Riset survei nasional yang dilakukan PR2Media (2021) menemukan, dari 1.256 jurnalis perempuan yang menjadi responden dalam survei nasional, sebanyak 1.077 responden (85,7 persen) pernah mengalami kekerasan sepanjang karier jurnalistik mereka, baik itu di ranah digital maupun ranah fisik. Hanya 179 responden (14,3 persen) tidak pernah mengalami kekerasan sama sekali. 

Dari 1.077 responden, sebanyak 880 jurnalis (70 persen) pernah mengalami kekerasan di ranah digital sekaligus di ranah fisik. Sementara itu, sebanyak 99 orang jurnalis (8 persen) pernah mengalami kekerasan di ranah digital saja dan 98 jurnalis (8 persen) pernah mengalami kekerasan di ranah fisik saja. 

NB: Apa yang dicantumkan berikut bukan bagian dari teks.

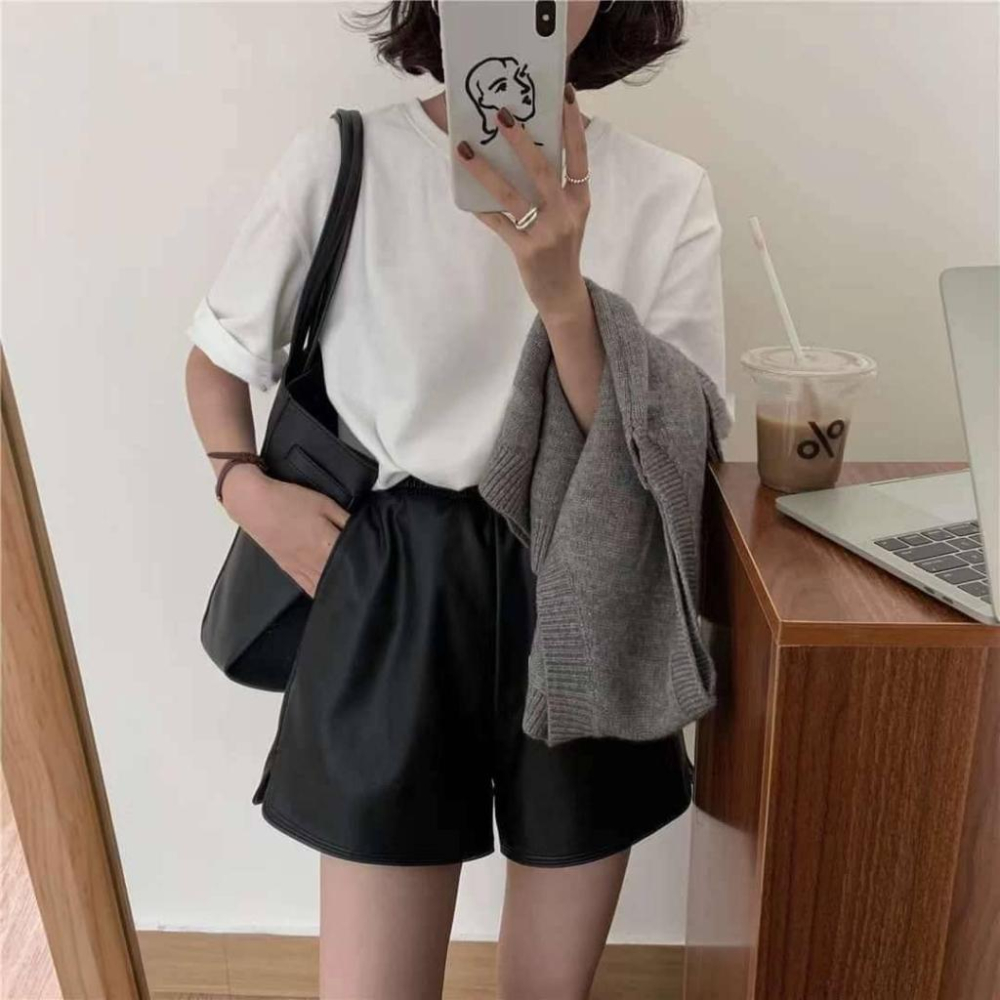 ⭐𝙈𝙖 𝙘𝙝𝙚𝙧𝙚⭐️ 春夏新品 現貨實拍 純色圓領微磨毛短T (預購)-細節圖5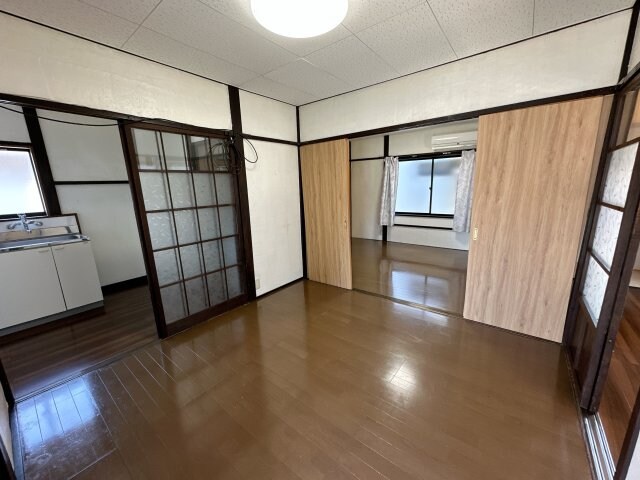 物件内観写真11　(縁側)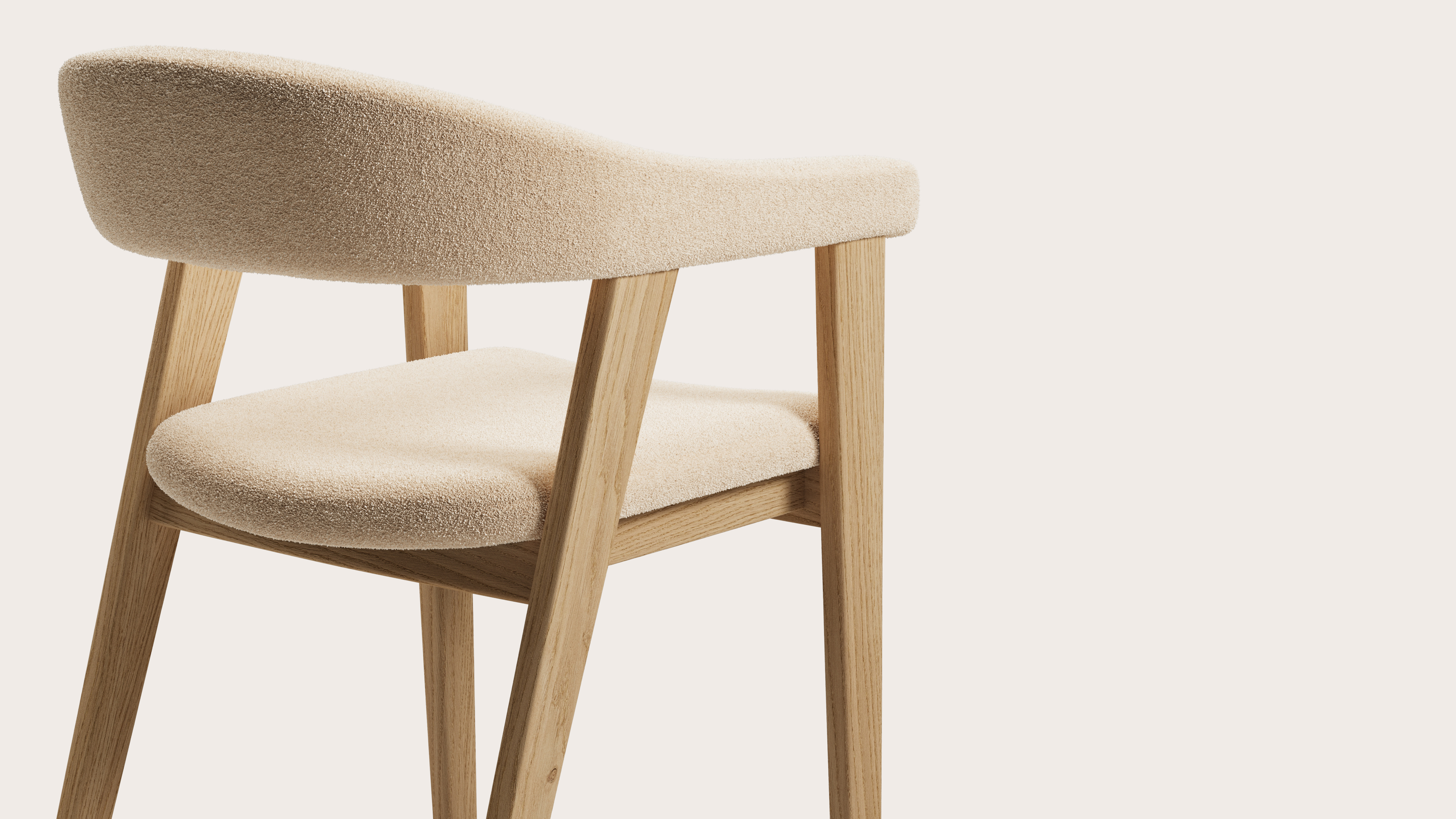 Gubbio armstoel in Aria stof Beige met stoelpoot in natuurkleurige eik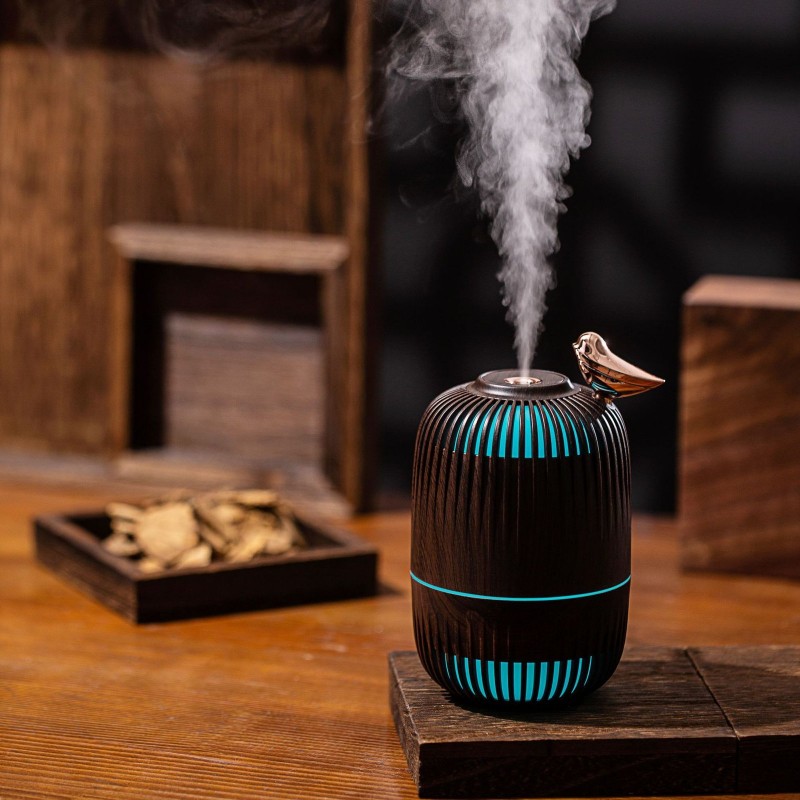 Compact Wood-grain Design Humidifier For Office And Home Use With Mist-spraying Function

Mengutip Kurnia dalam Jurnalisme “Berita Palsu” & Disinformasi: Konteks Indonesia (2019), riset ini menekankan bahwa intimidasi dan pelecehan terhadap jurnalis perempuan di Indonesia di ranah digital bisa terjadi baik sebagai akibat dari profesinya maupun identitas gendernya. 

Sebagai akibat profesi, jurnalis perempuan mendapat tekanan di ruang digital karena liputannya dianggap tidak sesuai dengan keinginan kelompok penekan. Sebagai akibat identitas gender, jurnalis perempuan lebih banyak mengalami kekerasan di ruang digital dibandingkan dengan jurnalis laki-laki karena dianggap sebagai objek pelecehan atau kekerasan. 

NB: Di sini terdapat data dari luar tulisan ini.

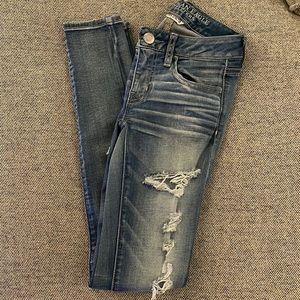 American Eagle Super Stretch Distressed Jeans 00R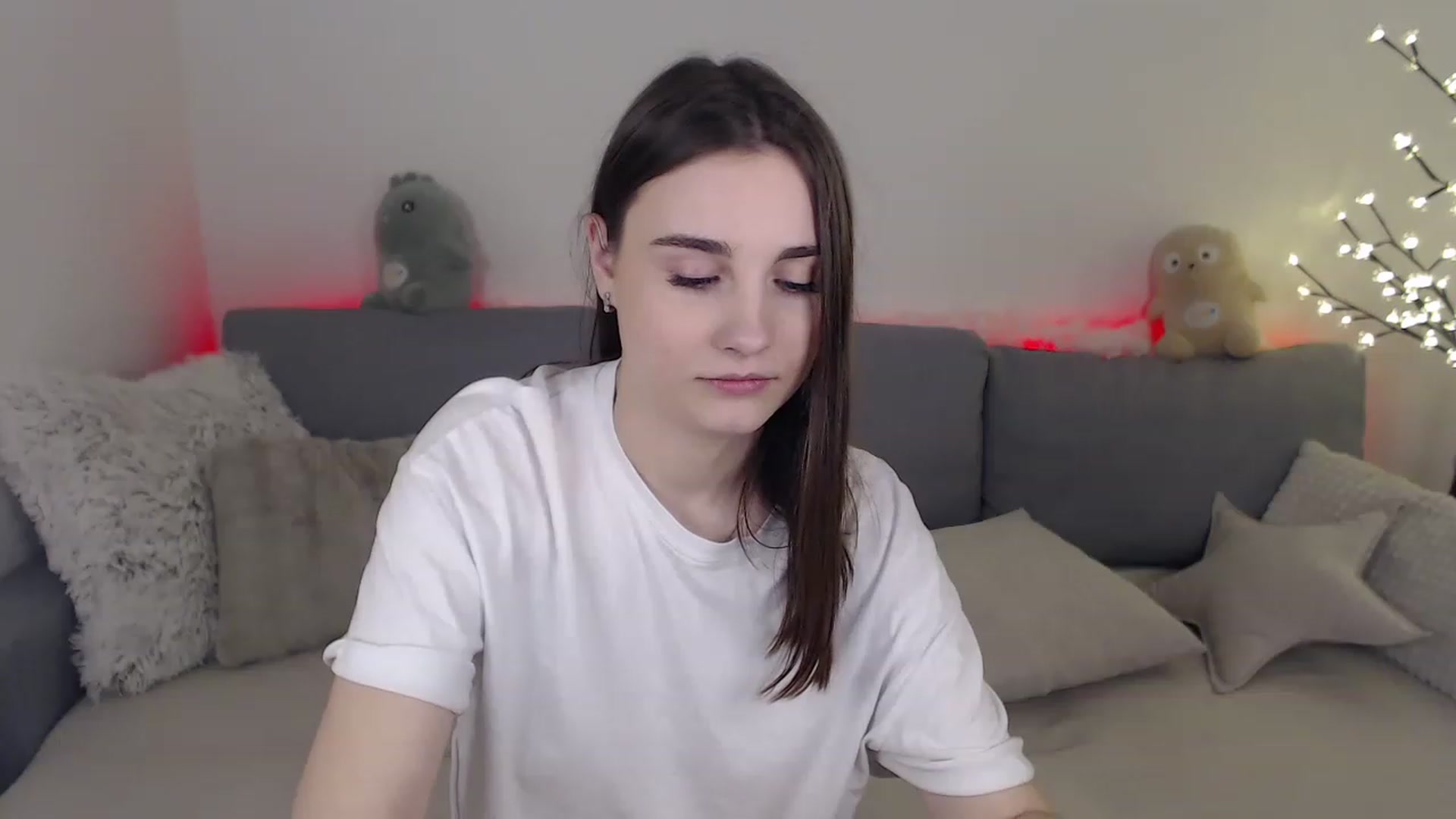 Gallery image thumbnail from LaneyGrey's myfreecams stream on, 02/20/2023, 13:15 image 17 of 20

Baca Juga: ‘Kan Sering Meliput, Masa Gak Berani Lapor?’ Sulitnya Jurnalis Kala Jadi Korban Kekerasan Seksual

Riset kemudian juga memaparkan berbagai cara yang dilakukan jurnalis dalam menanggapi kasus kekerasan yang dialami. Cara yang paling banyak dilakukan yakni melaporkan tindakan kekerasan ke atasan atau rekan kerja (52 persen). 

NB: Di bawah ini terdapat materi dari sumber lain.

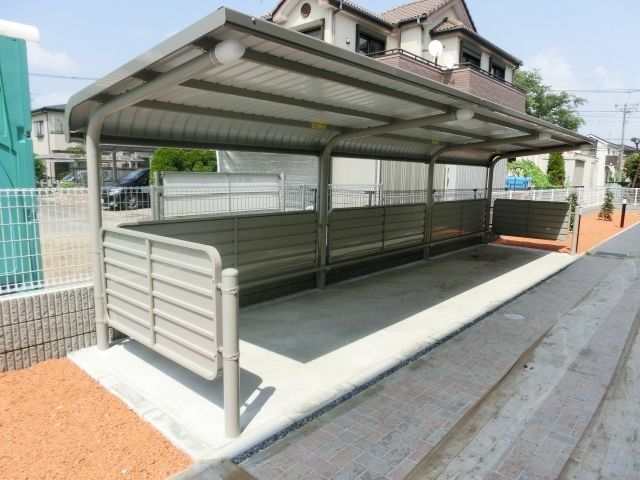 その他　屋根付き駐輪場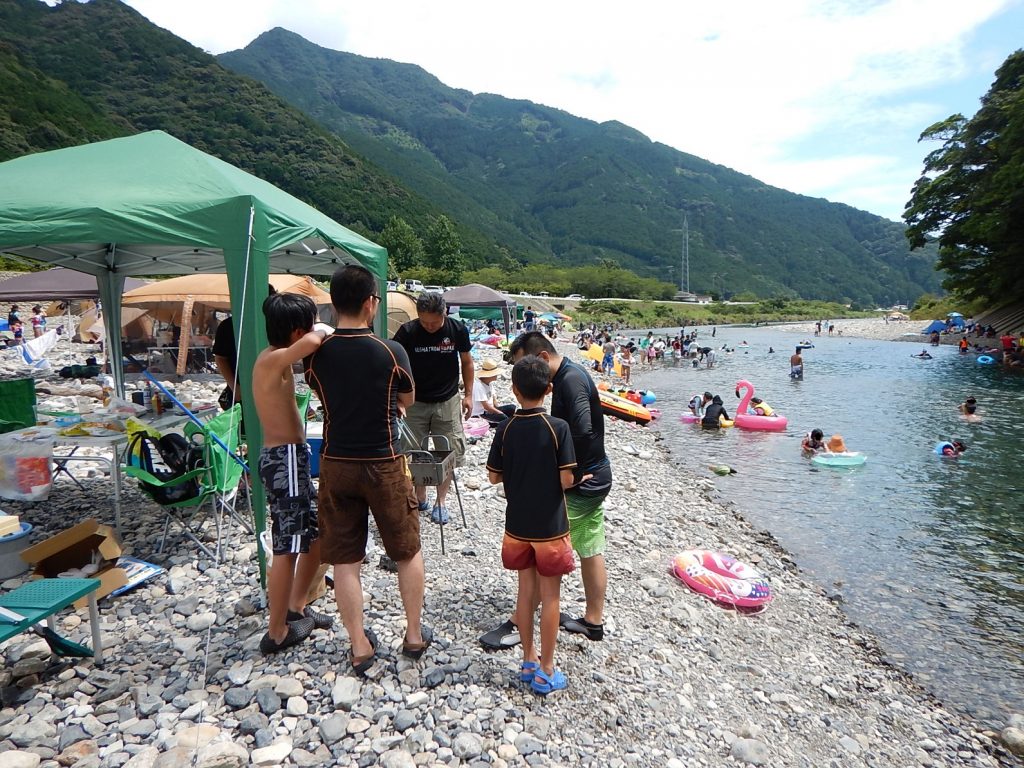 三重県の銚子川でバーベキュー＆水遊び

Cara lain, yaitu dengan melaporkan ke organisasi terkait seperti Aliansi Jurnalis Independen (AJI), Persatuan Wartawan Indonesia (PWI), Lembaga Bantuan Hukum (LBH) Pers, dan Dewan Pers (29 persen), dan mengajukan tuntutan hukum (10 persen). Respons lain yaitu menyelesaikan secara pribadi (9 persen) seperti menghadapi sendiri, menegur, melakukan diskusi, melancarkan serangan balik, bercerita ke kerabat, dan menuangkannya ke dalam tulisan atau artikel. 

Dari temuan di atas, dapat dilihat bagaimana perempuan memiliki berbagai strategi koping (coping strategy) dalam menghadapi kekerasan yang mereka alami. Padahal, kekerasan yang dialami jurnalis perempuan kerap menimbulkan dampak negatif seperti trauma dan rasa takut berkepanjangan. Kekerasan ini bisa juga menumbuhkan dampak ikutan seperti karier yang terancam bahkan kehilangan nyawa.   

Itu sebabnya beragam faktor, seperti internal (diri) dan eksternal (dukungan perusahaan dan lingkungan sekitar) sangat memengaruhi kemampuan jurnalis perempuan untuk bertahan.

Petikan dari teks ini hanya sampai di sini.